As a Man | storm supplies for one
So there I was at a supermarket in Liguanea last Tuesday night, getting my storm supplies. It was a swift operation and, heading to the cashier, I looked down at the trolley I was pushing, at what I going to pay for and nearly burst into laughter.
It was so little - three small tins of mackerel, three tins of tuna, two packets of raw fish, a medium-size bottle of pineapple juice and a smaller fruit punch for now. That was it. I had oats and raisins at home, plus some bammy and a half pot of four-day-old cornmeal porridge in the fridge to heat up. Me nice!
Along with drinking water, that was all I needed to ride out a depression, a wave, or a storm (unless it has Gustav tendencies. That one was a brute.). A hurricane of categories three and up would require maybe a doubling of the quantities, but that was it.
I looked at the trolleys of other persons and thought 'save for the grace of the family having taken flight', It would have been a totally different matter. Not only would the purchases be in much larger proportions, but there would also be a more diverse range of items in the shopping cart. So, being alone with an impending 'breeze blow' was wonderful on the financial front.

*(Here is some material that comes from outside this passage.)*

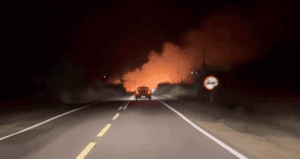 Leia mais sobre o artigo Incêndio de grande porte atinge vegetação às margens da BR-406 e reduz visibilidade entre Taipu e Ceará-Mirim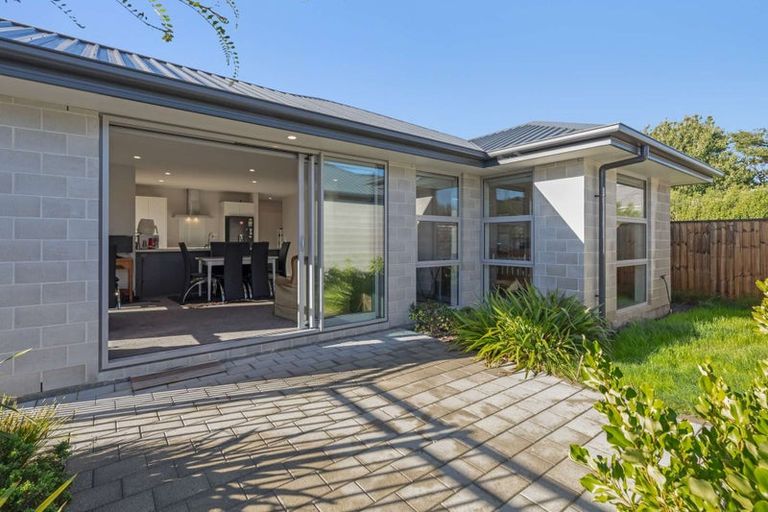 Photo of property in 8/3 Nyoli Street, Northcote, Christchurch, 8052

Truthfully, it was also blissful on the security, because you don't have anyone to worry about but yourself. As a man, it is the most natural thing to do (even if it is not required), to be thinking of all sorts of things that could happen and inventing scenarios for emergency and escape. Of course, in all the scenarios you are the undisputed hero who saves the day through a combination of brain and brawn.
On your own, you draw for a book and a blanket and wait. The rain comes, some wind comes, you shift under the blanket, smile and wait. Drop asleep, wake up and - nothing. A mild wind and trickles from the sky, but that is about it. You hiss your teeth and think well, at least I did not spend so much on food for the tempest.
That makes being solo in the storm that never came so much better than having stocked up for a big family. It is a hell of a lot of 'tinnas' to eat, because there are not many options. Speaking of which, there should be a return clause for tinned food purchased for storms that 'tun back' or turn away. Yes, we should be able to pack them all up and carry them back to the supermarket for our cash in exchange or even store credit.
Is a whole heap a dutty gal oonu haffi go eat off now y'nuh. Me and my three tins - cho, that done in two days.
Speaking of riding out the storm, there is one version of that you can't do solo. Wink, wink. Snicker, snicker. Just saying.